捨てられない腕時計
捨てられない物がある。
それは好きだった人に渡せななかった腕時計だ。
今でも未練がないと言えば嘘になる。その人は当時の心の拠り所だった。
年齢は実際には聞いてないのだか、会話から察するに50代、子持ちで夫とは離婚しているようで独り身。でも明るく人生を楽しんでいるように感じた。だからかもしれないが年齢を感じさせない人だった。
好きだった理由は誰にでも優しく、声が透き通っていて、包み込んでくれるような笑顔。そして時折見せる色気が魅力的で仕事も完璧、憧れの存在だったからだ。
そして、その人を含めた数人での食事を職場仲間がセッティングしてくれて、その時に渡そうとしたのが、今でも捨てられない腕時計だ。
当時自分は好きになってもらうにはどうすれば良いのかわからず、女性はプレゼントを貰えば喜んでくれるのではないなかと思い、レディースの腕時計を選んだ。
そして当日、人見知りが発動してしまい、会話に参加できず、腕時計も渡せないまま終わってしまった…
今でも後悔しているが、突然腕時計をプレゼントされても受け取ってもらえなかったと思う。女性の気持ちを考えないで一方的な理想の押し付けは間違いだからだ。

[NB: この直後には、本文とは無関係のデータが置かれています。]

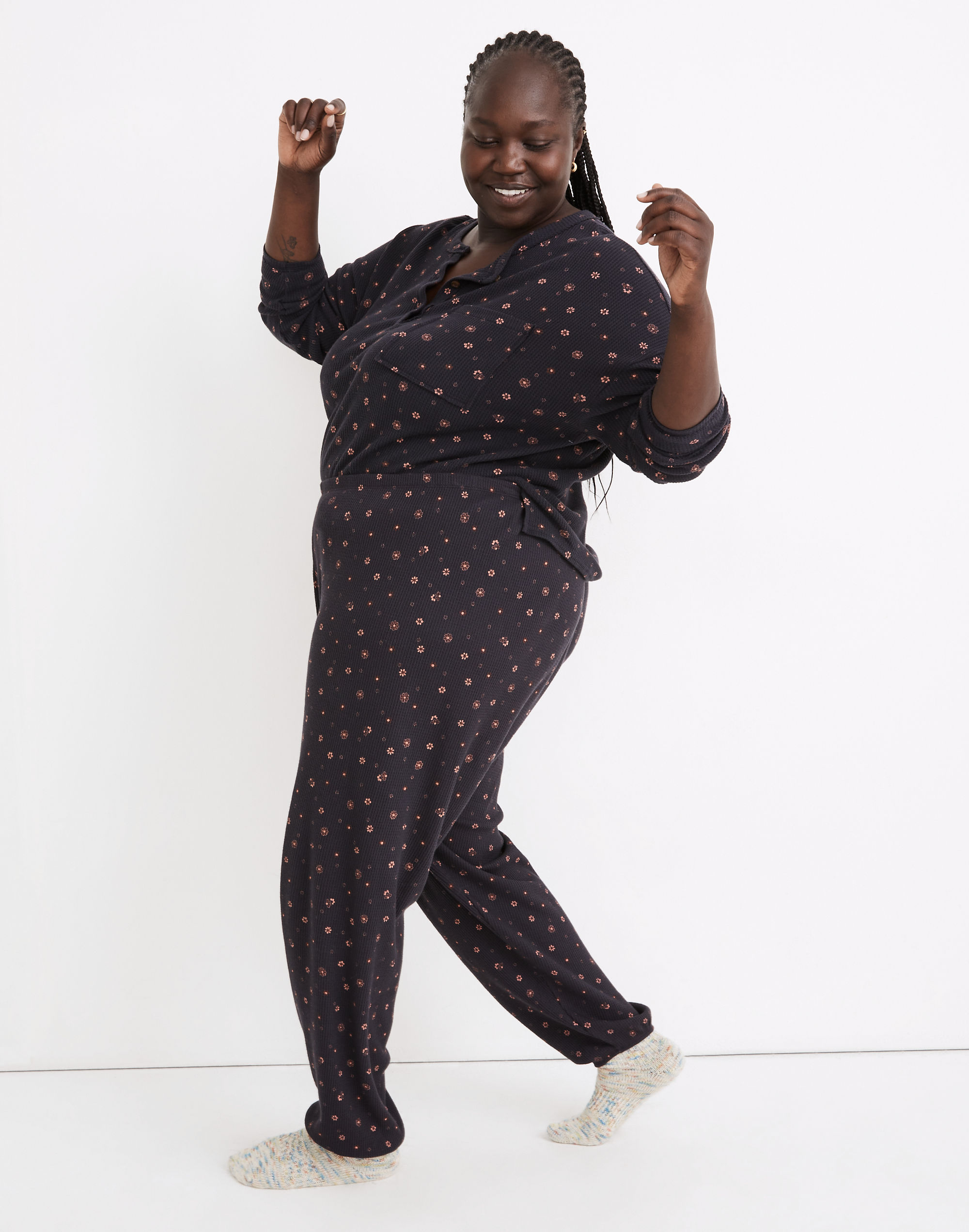 Plus Waffle Knit Pajama Sweatpants in Bandana Floral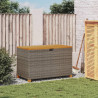 Skrzynia ogrodowa, szara, 110x55x63 cm, polirattan i akacja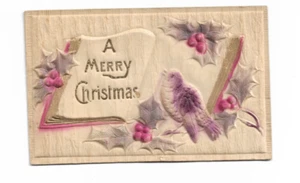 A Merry Christmas Postcard Bas-Relief Embossed Poinsettias Birds - Picture 1 of 2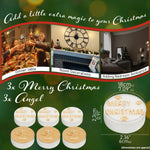 DECO EXPRESS Christmas Tealight Candle Set, Multipack of 6 with 6 Hours Burning Time Festive Xmas Decor Unscented (White/Gold 6 Pack) - Get Trend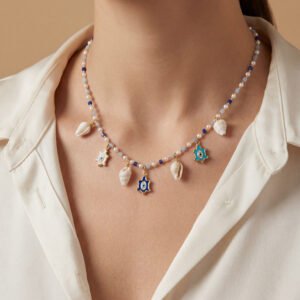 Mediterranean Hamsa & Shell Necklace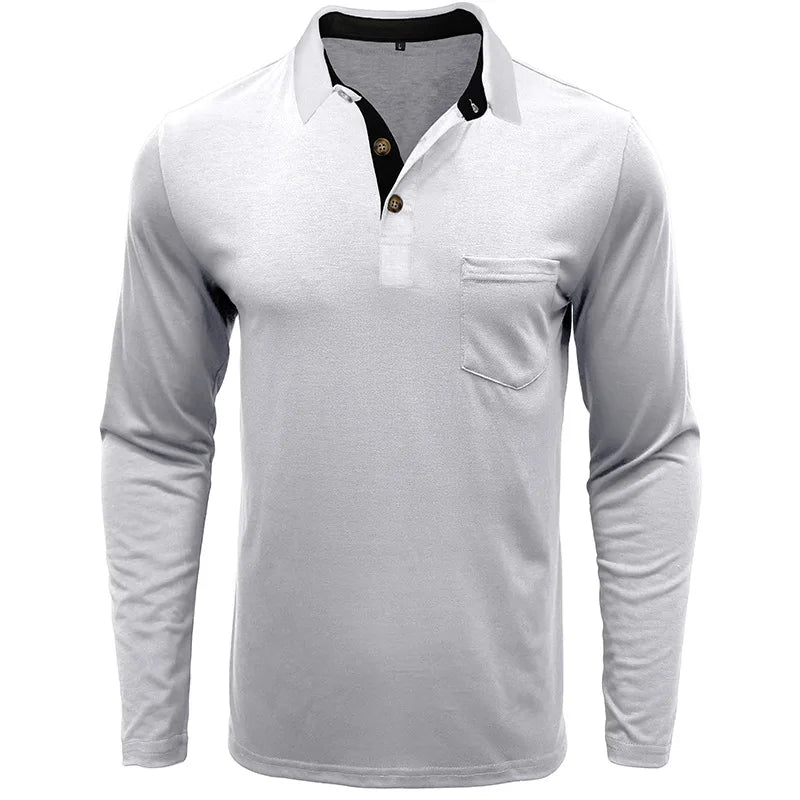 Spring Trend Men's Long Sleeve Casual Tshirt Solid Lapel Button Up Pullover Tops Autumn Turn Down Collar Bottoming Polo Shirt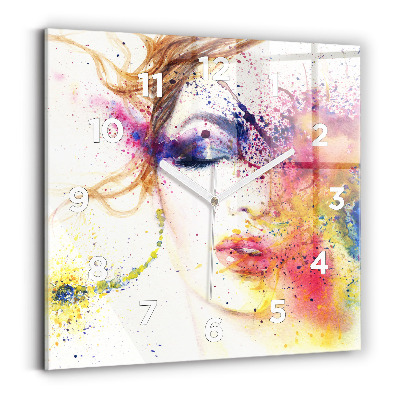 Pendule carrée en verre Portrait d'une femme mystérieuse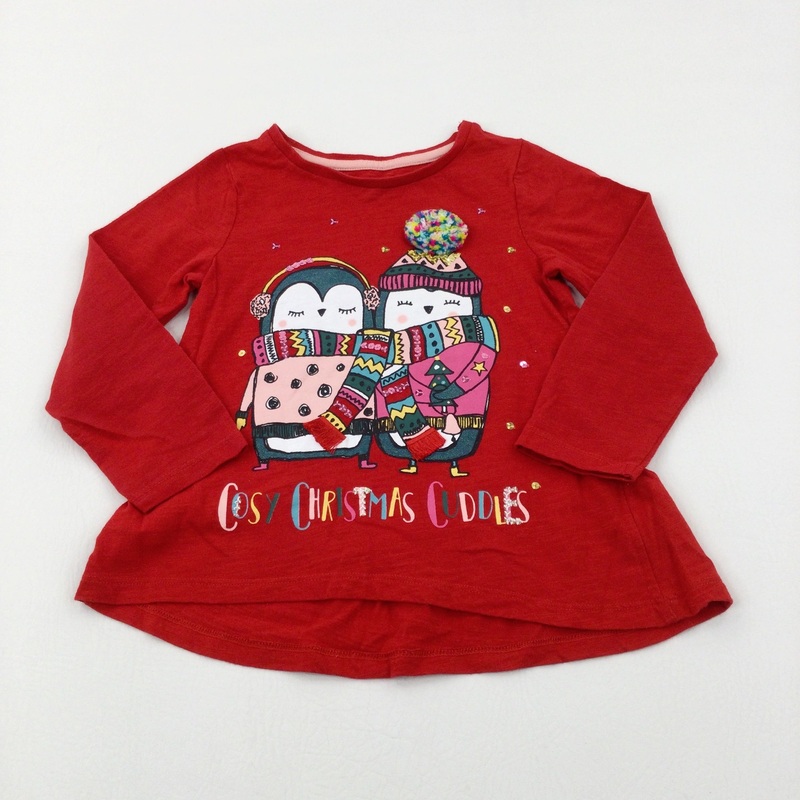 'Cosy Christmas Cuddles' Penguins Sequinned Red Long Sleeve Top - Girls 3-4 Years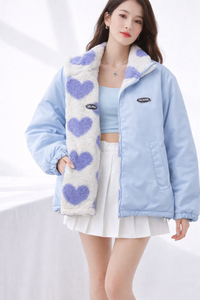 Almit - Langärmelige Jacke Mit Herz Drucken – Blau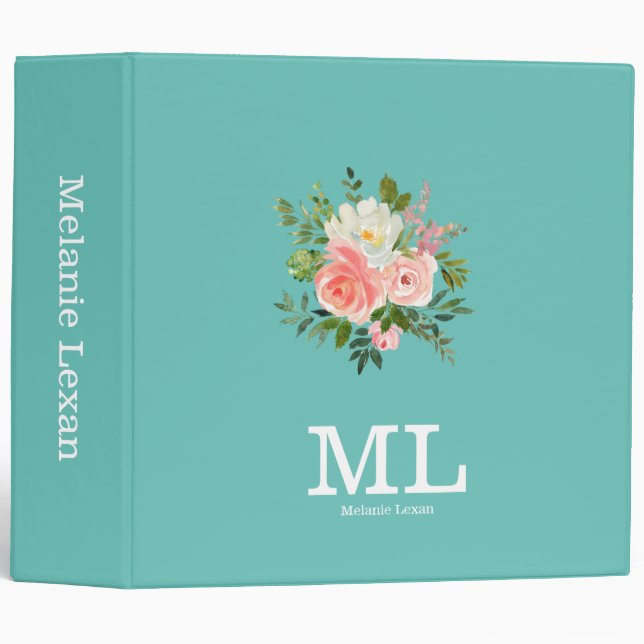 Pink Floral and Teal Monogram Binder (Front/Spine)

結局そのまま渡せず、アプローチを間違えたせいで距離を置かれるようになり、それが辛くなり自分は会社を辞めてしまった。
もう5年前の話だ。
それから会う事もなく、今では部屋の隅に未開封の状態で置かれている。
見るたびにあの頃の失敗を思い出して辛くなるが、捨てる事も売る事も出来ずにいるのだ。